The pensioner's daughter, 44, and two other people also in the house were unharmed.
Pictures showed the grey-haired pensioner being taken to a police van by masked commandos with his hands behind his back.
The Bild newspaper reported that the man had been on trial in 2006 for attacking two people with a baseball bat.
The shooting brought back memories of the bloodbath unleashed by 17-year-old Tim Kretschmer, who shot dead nine pupils and three teachers at his old school, as well as three bystanders in and around the town of Winnenden in March.
Peter Aldenhoff from the public prosecutors office said he expected the man to be remanded in custody later on Wednesday and charged with murder, although this might be delayed because of his health as he is a diabetic.

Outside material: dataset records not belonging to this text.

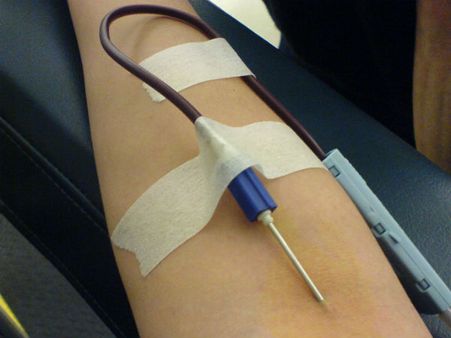 வலுக்கட்டாயமாக பள்ளிக் குழந்தைகளிடம் ரத்ததானம்... சீனாவில் 7 பேர் கைது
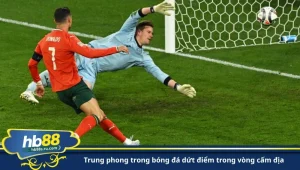 trung phong trong bóng đá dứt điểm trong vòng cấm địa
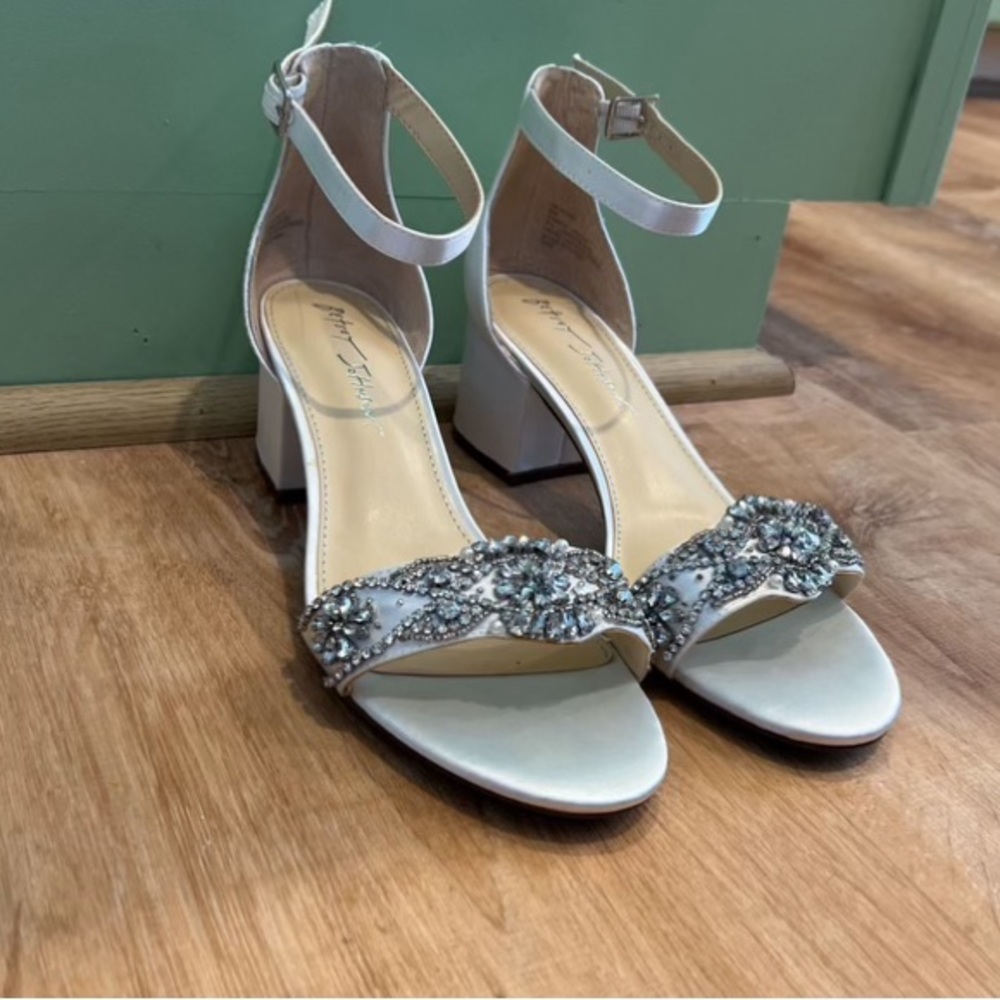 Betsy Johnson block heel with embellished band wedding shoes in ivory!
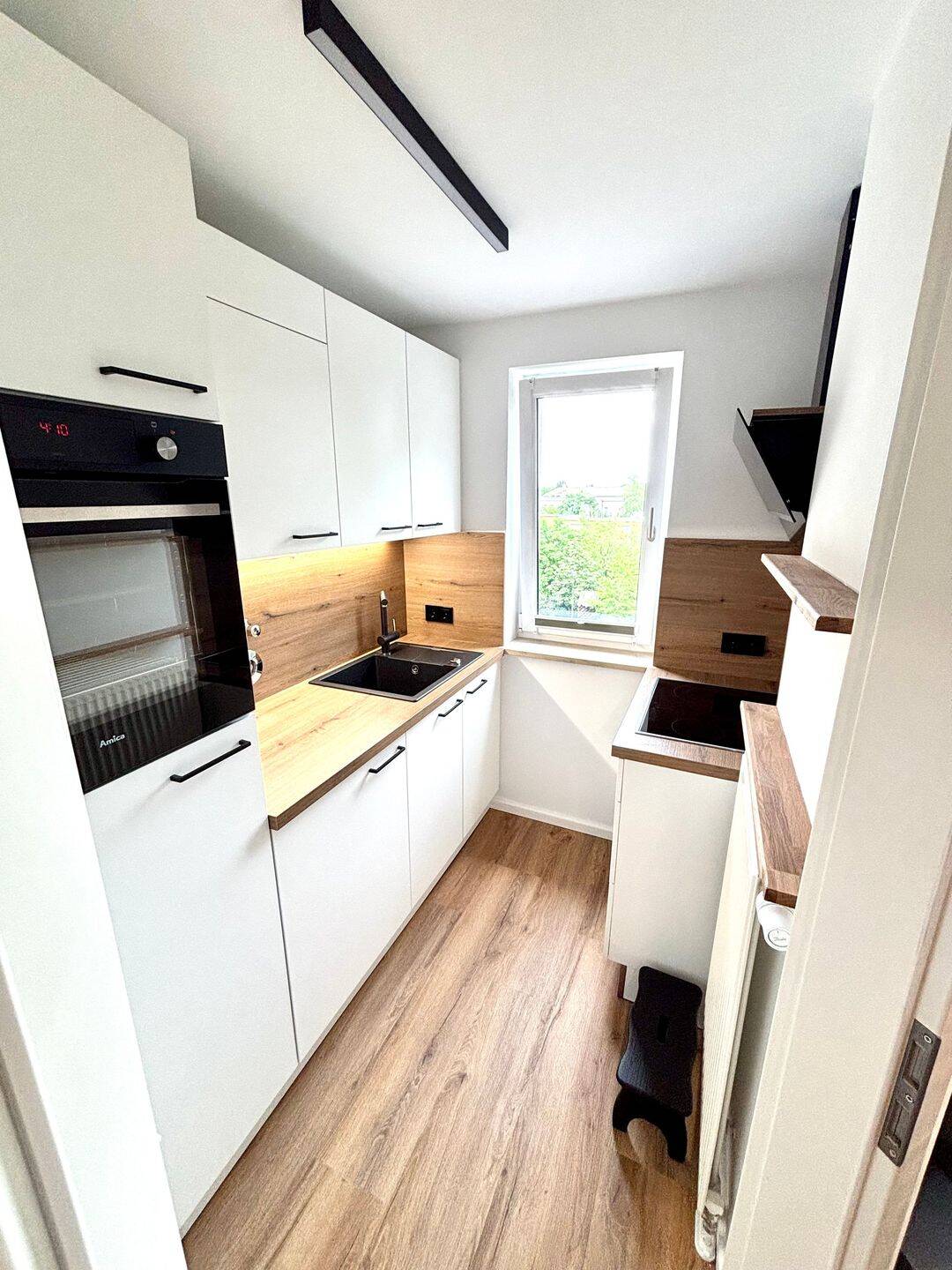 Erstbezug nach Komplettmodernisierung | Hochwertig möbliertes Design-Apartment | All-Inclusive-Miete – Leipzig – Vorschaubild 2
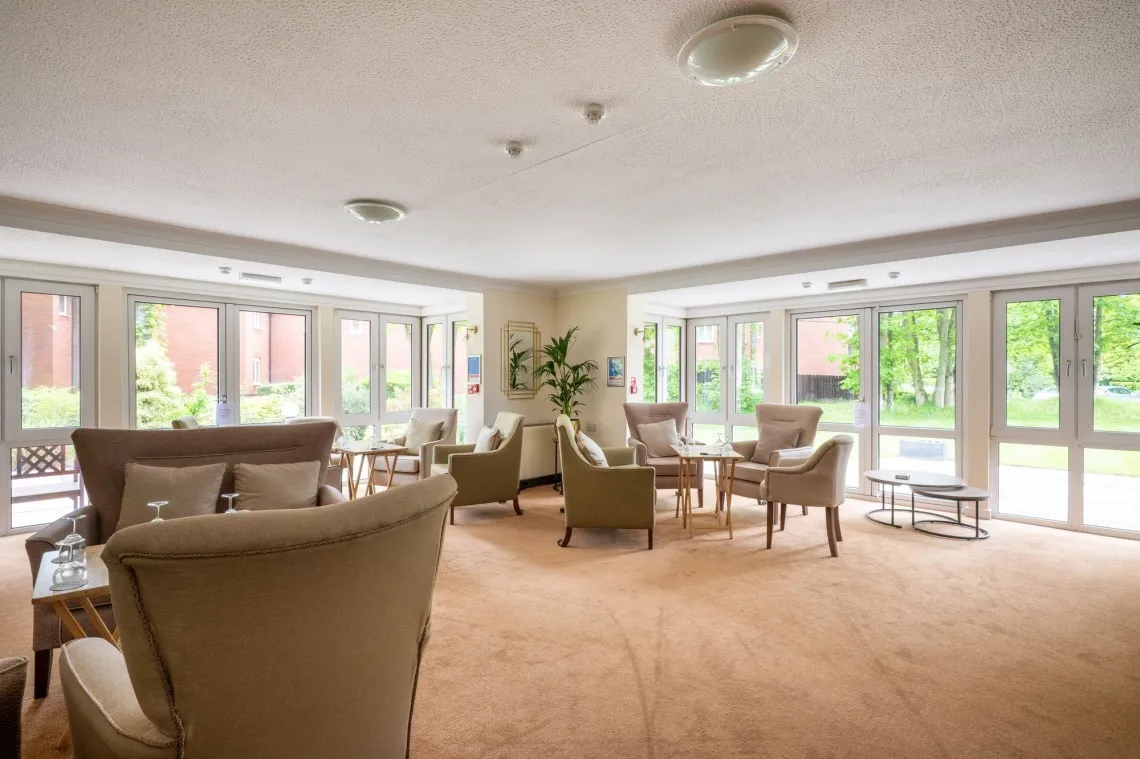 Chase Close, PR8, photo 17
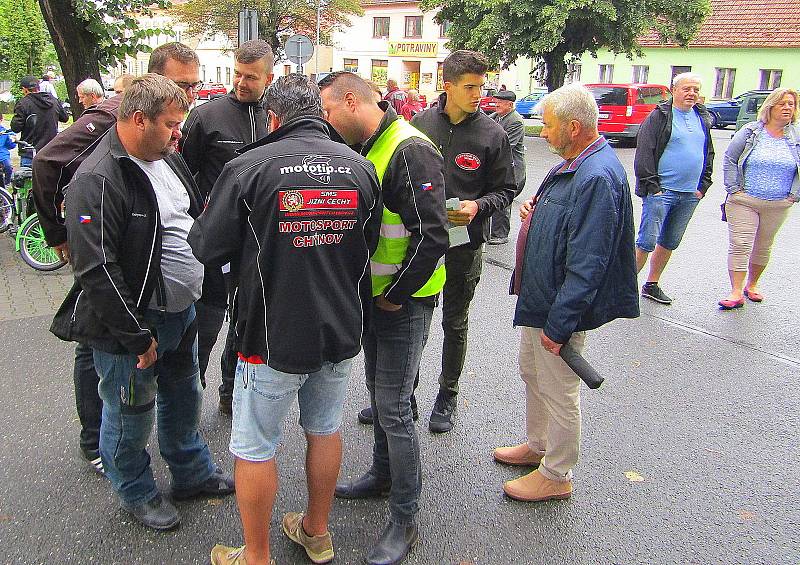 Sedmý ročník srazu veteránů v Chýnově se uskutečnil v neděli 21. srpna. Na prostranství před základní školu dorazilo na 130 historických vozů a motocyklů, posádky se potom vydaly na vyjížďku se zastávkou v centru Soběslavi.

"I think it was meant to be me," 44-year-old Hubert K., the pensioner's former son-in-law, told rolling news channel NTV. "He didn't want me to get anything (from the sale of the house), from my property, which was mine."
"He hated us because my dad split up with my mum," the man's grandson Christian, 18, told Bild. "He wanted at all costs to prevent the house being auctioned. I believe the attack was meant for me and my father."
The pensioner stuck his tongue out at his wife's ex-husband and his grandson as he was whisked away by police, Bild said.